## EXTRACTED RECORDS:
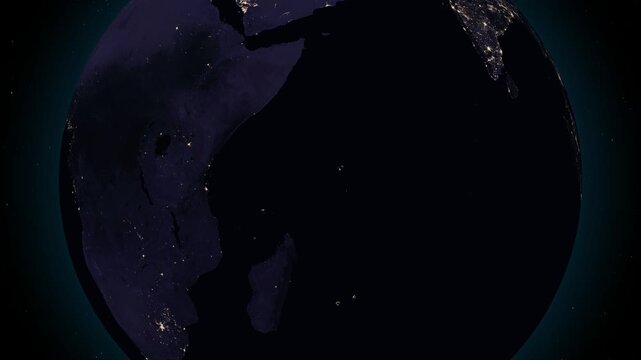 Seychelles night globe. City lights, zoom, spin, outline glow, pullback, ring reveal for Seychelles. Elements of the animation furnished by NASA.
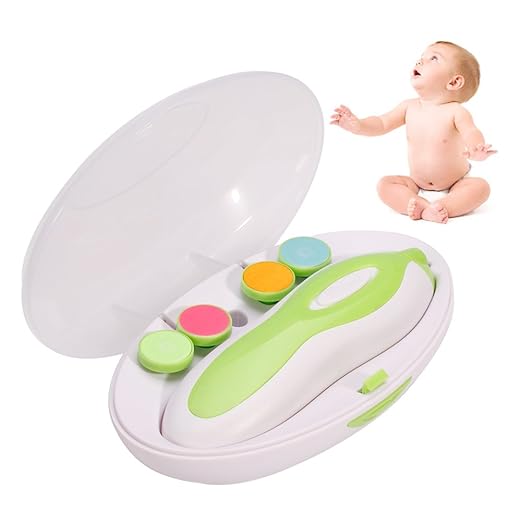 Baby Nail File Trimmer Electric with Light (Green)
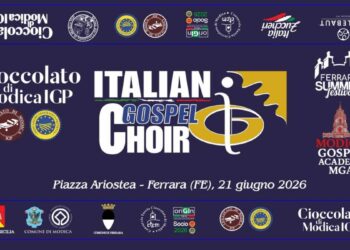 Grafica ufficiale del concerto Italian Gospel Choir a Ferrara con il Cioccolato di Modica IGP dedicato all’evento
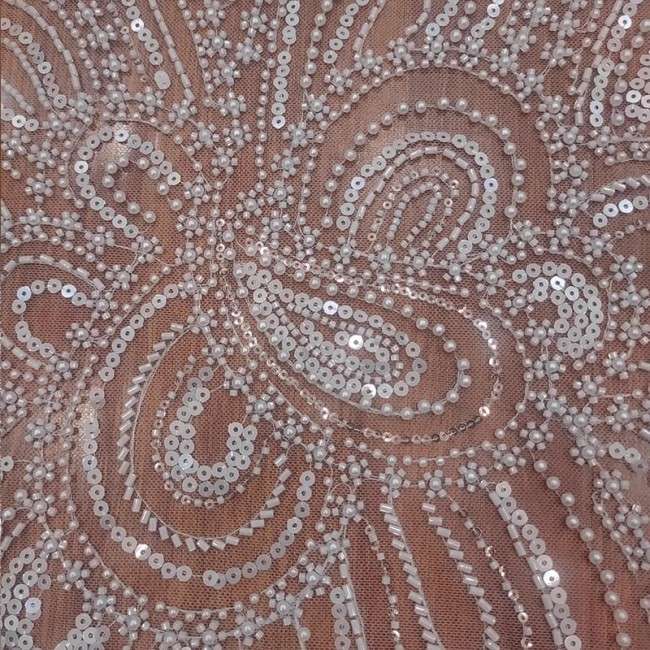 1 Yard White Tulle Beaded Embroidered Bridal Lace Material Fabric RX096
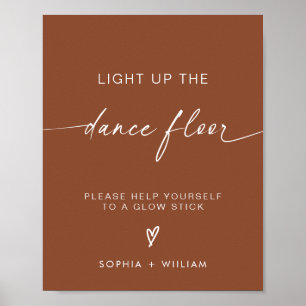 Boho Ljusade upp Dance Golv Glödstilstecken Poster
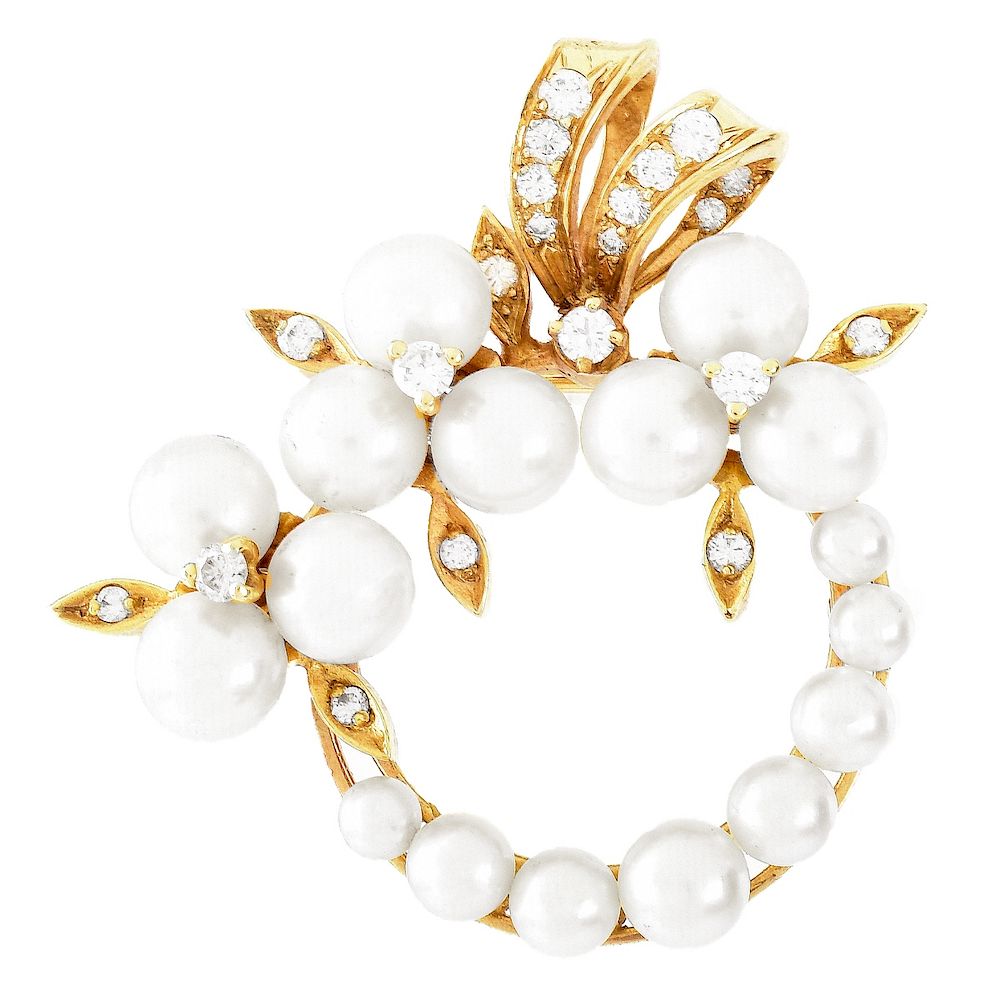 Appraisal: Vintage Diamond Pearl and K Gold Brooch Vintage Approx Carat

## EXERCISE REQUIREMENTS:
In the entries above, every line from the line with "Grafica ufficiale del" to the line with "Boho Ljusade upp" is to be printed exactly, with both ends included and pictures excluded.

## EXERCISE OUTPUT:
 Grafica ufficiale del concerto Italian Gospel Choir a Ferrara con il Cioccolato di Modica IGP dedicato all’evento
 1 Yard White Tulle Beaded Embroidered Bridal Lace Material Fabric RX096
 Boho Ljusade upp Dance Golv Glödstilstecken Poster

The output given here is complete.